The imposing Cotswold-stone house, set in more than six acres of landscaped gardens and grounds, was renovated throughout by Symm of Oxford on behalf of the vendors, who bought it as a weekend retreat in 2016 and have now moved to a larger house in the area.
The fertile Vale of Taunton Deane, bounded by Somerset’s three hill ranges, the Brendons in the west, the Quantocks in the east and the Blackdowns in the south, is an area of rich soil and plentiful water that provided a princely income for powerful manorial landowners, among them the bishops of Winchester. Quieter and less expensive than the Cotswolds, the area is a happy hunting ground for London buyers heading west in search of the good life.
Here, in 2022, Brian Bishop of Jackson-Stops in Taunton sold two charming manorial houses within easy reach of Taunton and its many excellent schools.

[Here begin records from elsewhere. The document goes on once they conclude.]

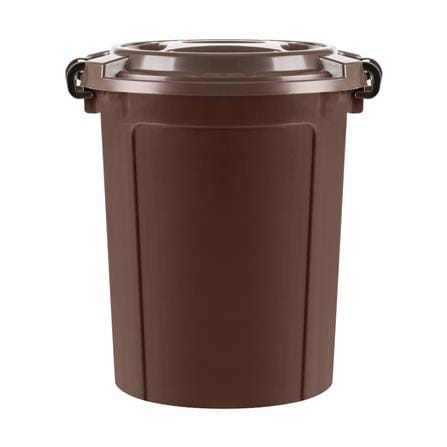 ถังน้ำกลมพร้อมฝาล็อก PLIM 62L สีน้ำตาล_0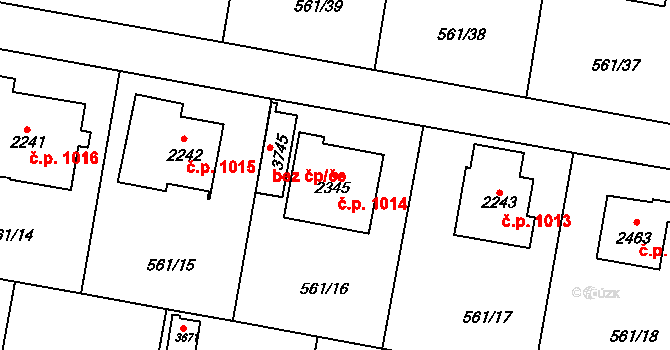 Vrchlabí 1014 na parcele st. 2345 v KÚ Vrchlabí, Katastrální mapa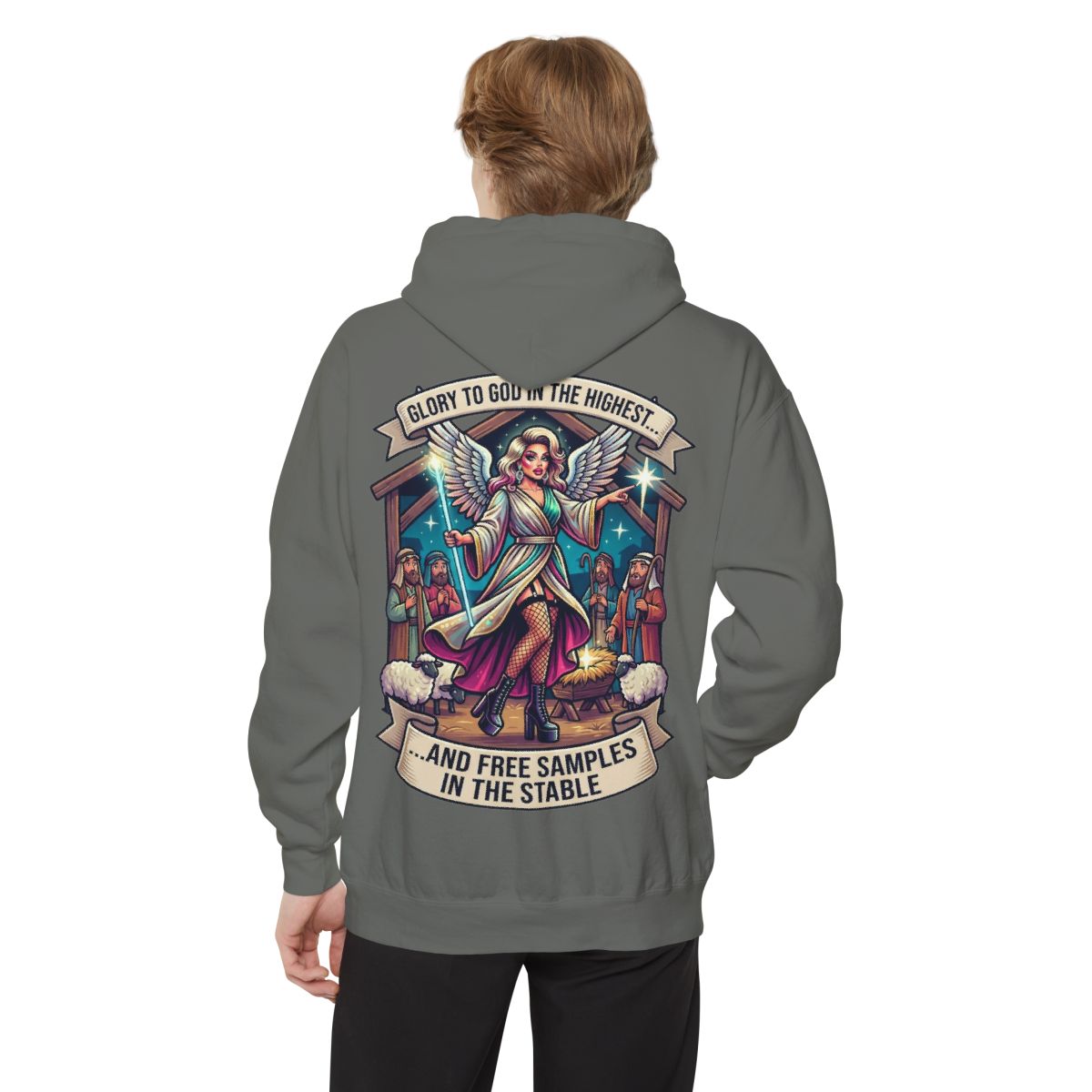 Color: Grey | Glory to God Samples In The Stable Garment-Dyed Hoodie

The first was Grade II-listed Charlton Manor at Creech St Michael, five miles east of Taunton, a fine, seven-bedroom Georgian manor house set in four acres of landscaped gardens, which launched in late June at a guide price of £2.75m and sold within weeks to a successful local businessman with a young family.
The second was Grade II-listed Manor Farm at Thornfalcon, five miles east of Taunton, a quirky, 18th-century farmhouse with 30 acres on the edge of the Somerset Levels. Launched in May at a guide price of ‘excess £3m’, it was bought by a young couple coming out of London.
Further west, joint agents Knight Frank and Savills set the scene for a sunny year in Devon with the sale of the spectacular White Cliff, an impeccably renovated Arts-and-Crafts house built in 1897 by the architect and artist David Carr on a wooded clifftop site overlooking Beer village with unbroken views across Lyme Bay.
Originally known as Cliffe House, it was bought by Leopold Greville, 5th Earl of Warwick, who died there in 1924. Launched in Country Life on Valentine’s Day, 2022, it was sold in late March for close to its £4.95m guide price.
Thereafter, with little new stock emerging to whet buyers’ appetites, some of the frenzy went out of the market in Devon, says Ed Clarkson of buying agents Property Vision, who nevertheless has a waiting list of restless clients who dream of moving there.
Meanwhile, Oliver Custance Baker of Strutt & Parker in Exeter, having had his shelves emptied of stock in 2021, was happy to see elegant, Grade II*-listed Plymtree Manor find a buyer in 2022 at a guide price of ‘excess £2.5m’. The imposing William-and-Mary house set in 8½ acres near Cullompton, was launched in September last year.
Another sale that cheered the cockles was that of the intriguingly named Two if By Sea, a striking contemporary waterfront house at Mevagissey on Cornwall’s Roseland Heritage Coast AONB, which stands on a two-acre site with its own foreshore, panoramic sea views and planning consent for a further four-bedroom house. Advertised in Country Life on February 9, 2022 with an asking price of ‘offers in excess of £2.95m’, it later sold to a buyer who had seen it in the magazine.
Finally, and with exquisite timing, Strutt & Parker closed their 2022 campaign in the West Country with a last-gasp sale in Devon on the run-up to Christmas: the property in question was Grade II-listed Hamlyn House near Crediton in mid Devon.
Rebuilt in 1850 in the Victorian Gothic style by the architect John Hayward, the designer of Blundell’s School in Tiverton, it underwent an ambitious renovation between 2007 and 2017, since when it has been run as a boutique hotel and wedding venue. Launched in Country Life on March 2, 2022, it crossed the finish line in mid December at a guide price of £3m.